E se il nostro Ct Jaques Brunel continua nel suo tormentone, secondo il quale in tre anni, visto il materiale umano a disposizione, gli azzurri potranno essere in grado di vincere il Sei Nazioni, molto più modestamente ci piacerebbe che all’estero le grandi potenze della palla ovale ci rispettassero di più. Forse cominceranno a farlo dopo la gara con gli All Blacks, che anche solo fino a un paio di anni fa rischiava di finire con un pallottoliere infinito per gli attuali campioni del mondo e che invece ha mostrato un primo tempo giocato quasi alla pari da Bergamasco e compagni, con un tifo indiavolato da parte dei 70 mila dell’Olimpico, roba da far invidiare Roma e Lazio: neppure al recente derby calcistico si è vista tanta passione.

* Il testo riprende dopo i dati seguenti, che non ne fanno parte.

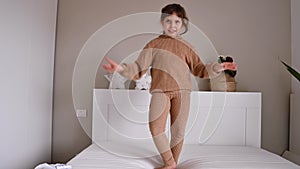 little girl dancing and having fun in the room on the bed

D’altronde anche solo la leggendaria Haka (la danza tribale dei maori) valeva il costo del biglietto e, comunque sia, valori come lo spirito di gruppo, la lealtà e l’onestà sportiva fanno sì che il mondo della palla ovale rappresenti un po’ un’eccezione nello sport contemporaneo. Così come il fair-play, che nel calcio hanno cercato d’impiantare a forza, ma che continuamente viene calpestato da simulazioni, colpi proibiti e insulti vari: nel rugby invece il “terzo tempo” è un’istituzione sacra e anche dopo la partita più ruvida, non è raro vedere giocatori avversari finire a tavola insieme.
Se pensiamo cosa è successo pochi giorni prima di Italia-Australia a Roma, versante calcio, con l’indegna aggressione degli ultrà laziali contro i supporters del Tottenham e un bilancio di dieci feriti oltre a un pub distrutto, capiamo che ormai la distanza tra i due modi di concepire lo sport è diventata abissale. Finalmente, però, la gente comincia a prendere le distanze da certe scene di quotidiana bestialità, scegliendo uno sport sì rude, ma in cui l’aria è per fortuna ancora respirabile.